▶ **Task**:
Copy nothing past the line containing "Mary's Place Campground Picture 9". Transcribe every line of the listing below up to and including it, from the first, except pictures.

Start of Supplied information

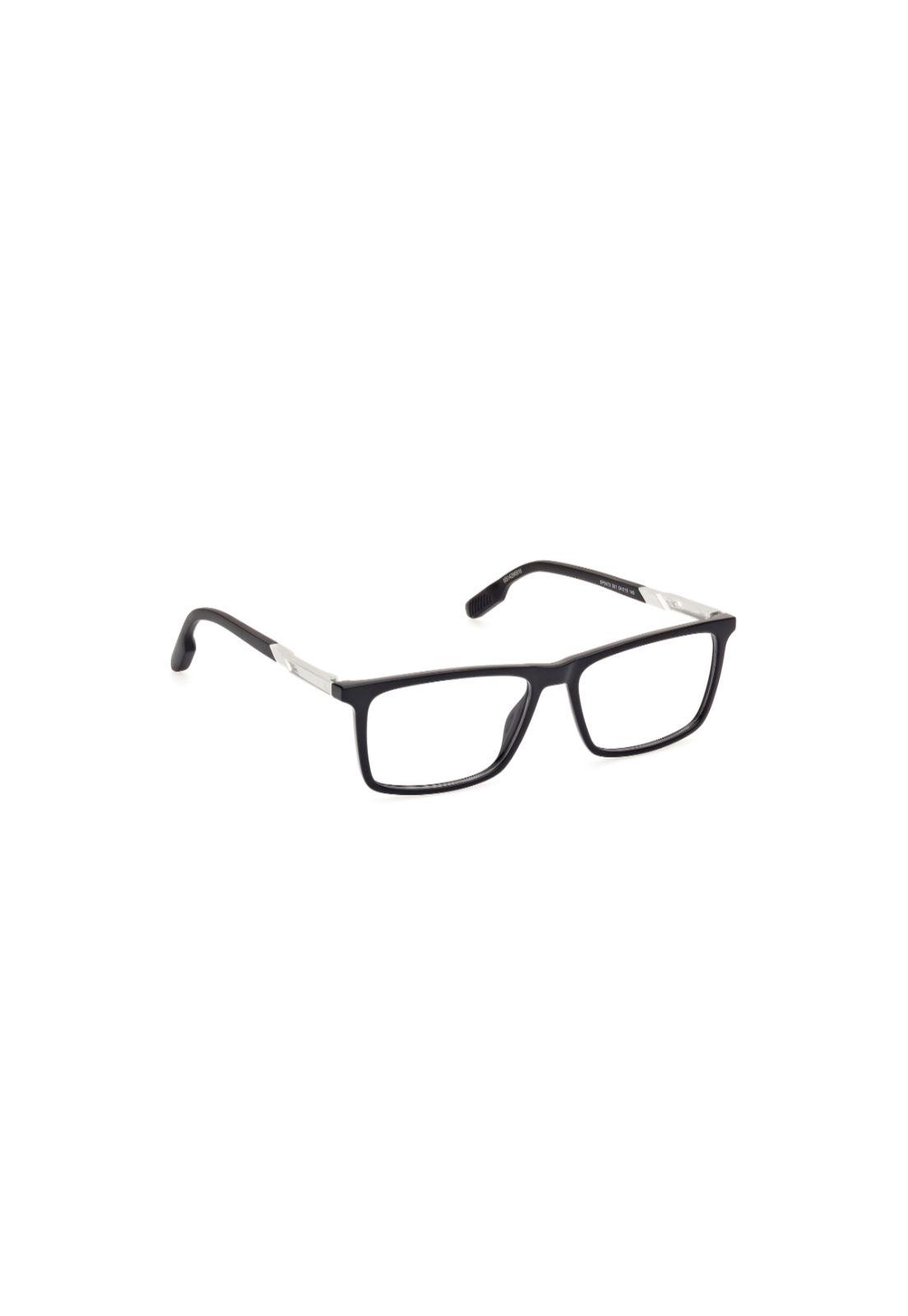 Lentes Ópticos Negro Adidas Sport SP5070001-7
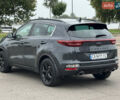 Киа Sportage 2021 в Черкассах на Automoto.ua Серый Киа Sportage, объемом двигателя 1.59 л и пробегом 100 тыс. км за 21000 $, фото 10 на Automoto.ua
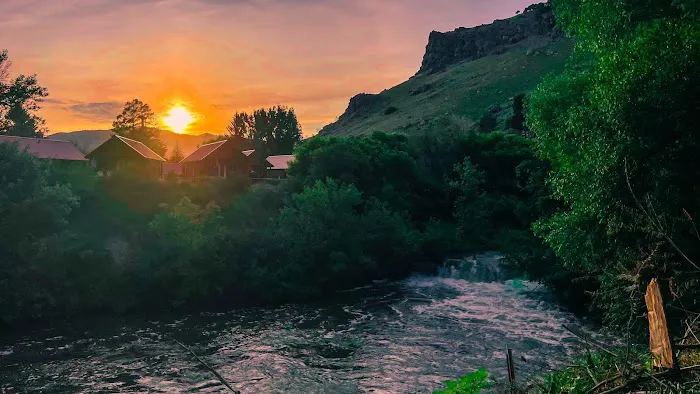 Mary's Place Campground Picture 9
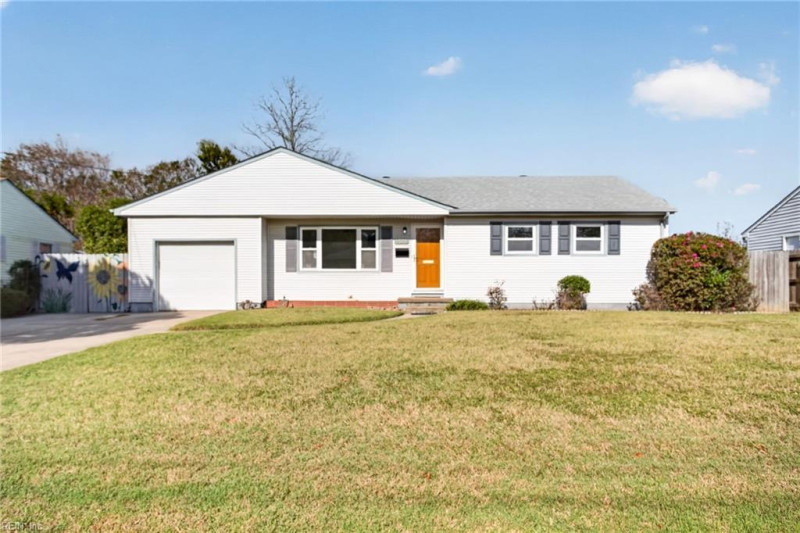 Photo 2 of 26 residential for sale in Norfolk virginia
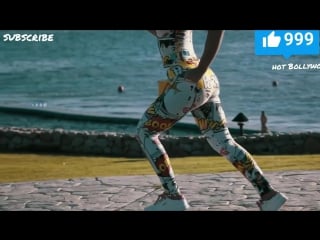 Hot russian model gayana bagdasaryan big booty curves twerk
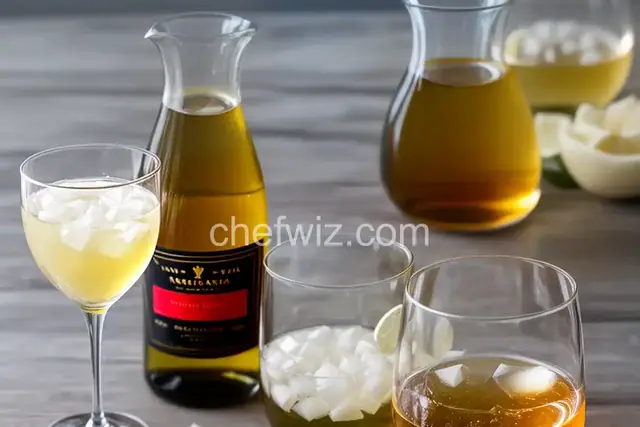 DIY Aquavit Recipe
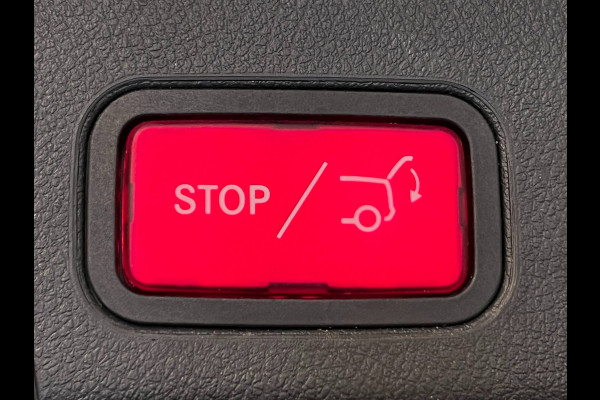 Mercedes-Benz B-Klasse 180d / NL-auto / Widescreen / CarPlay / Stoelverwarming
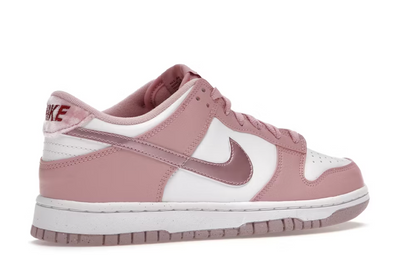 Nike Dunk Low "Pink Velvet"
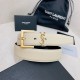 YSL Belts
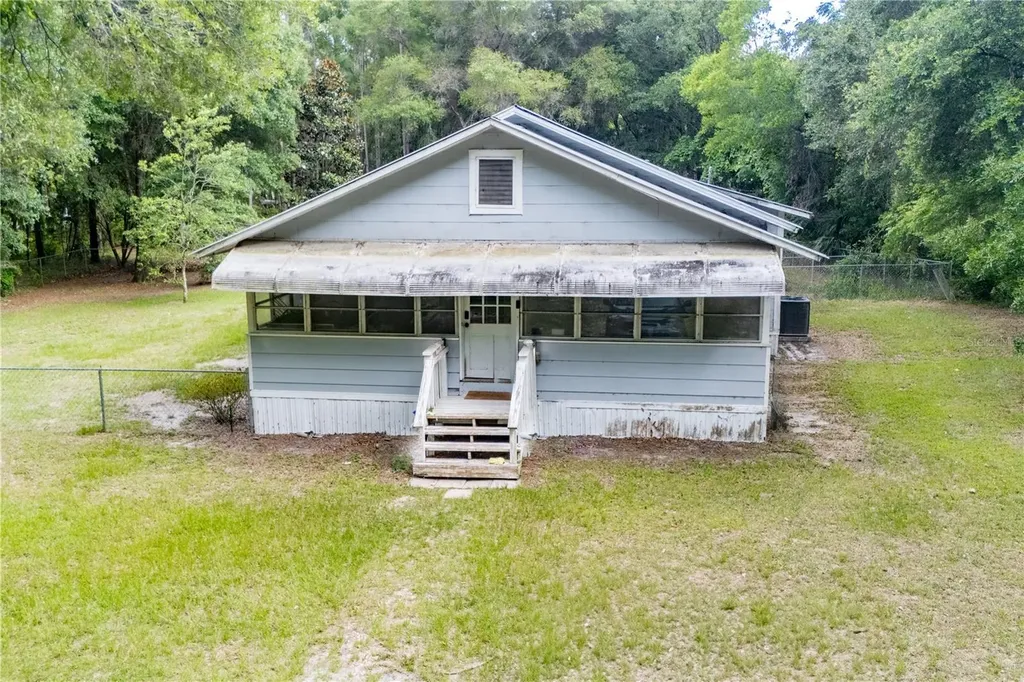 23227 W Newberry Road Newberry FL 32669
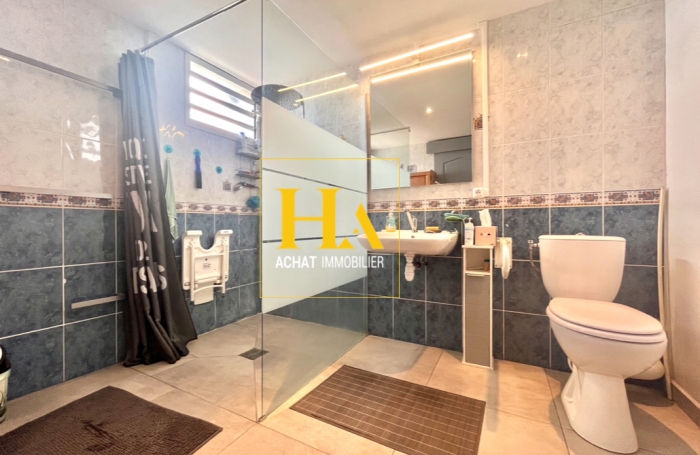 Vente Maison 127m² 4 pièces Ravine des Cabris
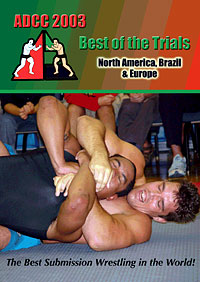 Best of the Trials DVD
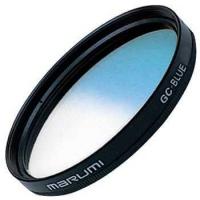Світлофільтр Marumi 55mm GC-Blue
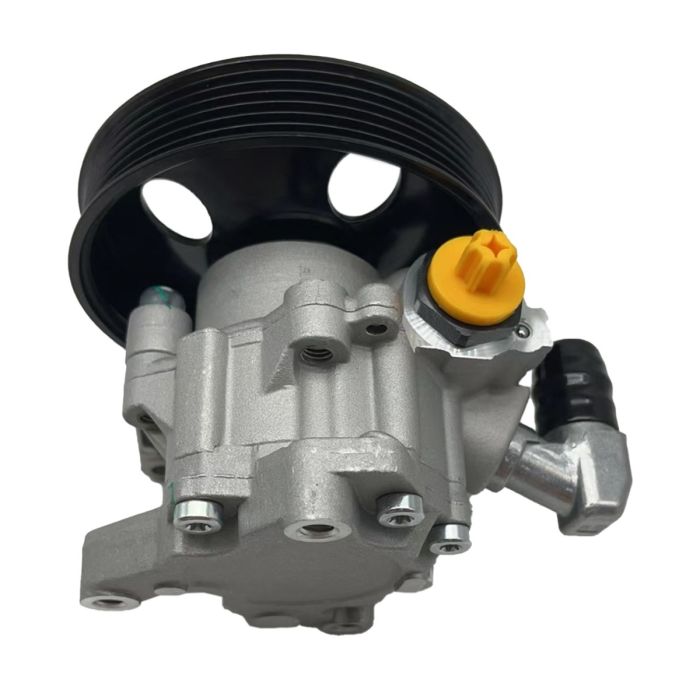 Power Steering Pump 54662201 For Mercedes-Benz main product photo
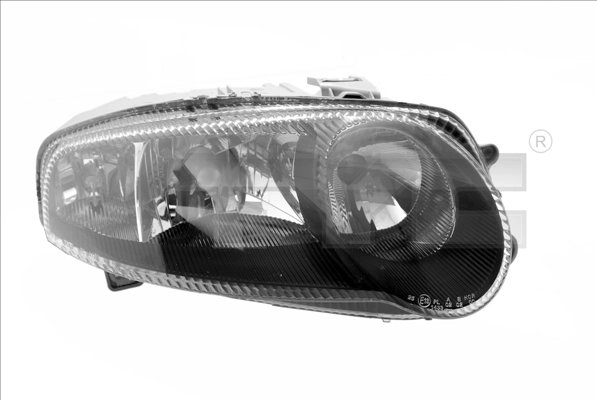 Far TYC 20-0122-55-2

End of Supplied information

▶ **Problem solution**:
 Lentes Ópticos Negro Adidas Sport SP5070001-7
 Киа Sportage 2021 в Черкассах на Automoto.ua Серый Киа Sportage, объемом двигателя 1.59 л и пробегом 100 тыс. км за 21000 $, фото 10 на Automoto.ua
 Mary's Place Campground Picture 9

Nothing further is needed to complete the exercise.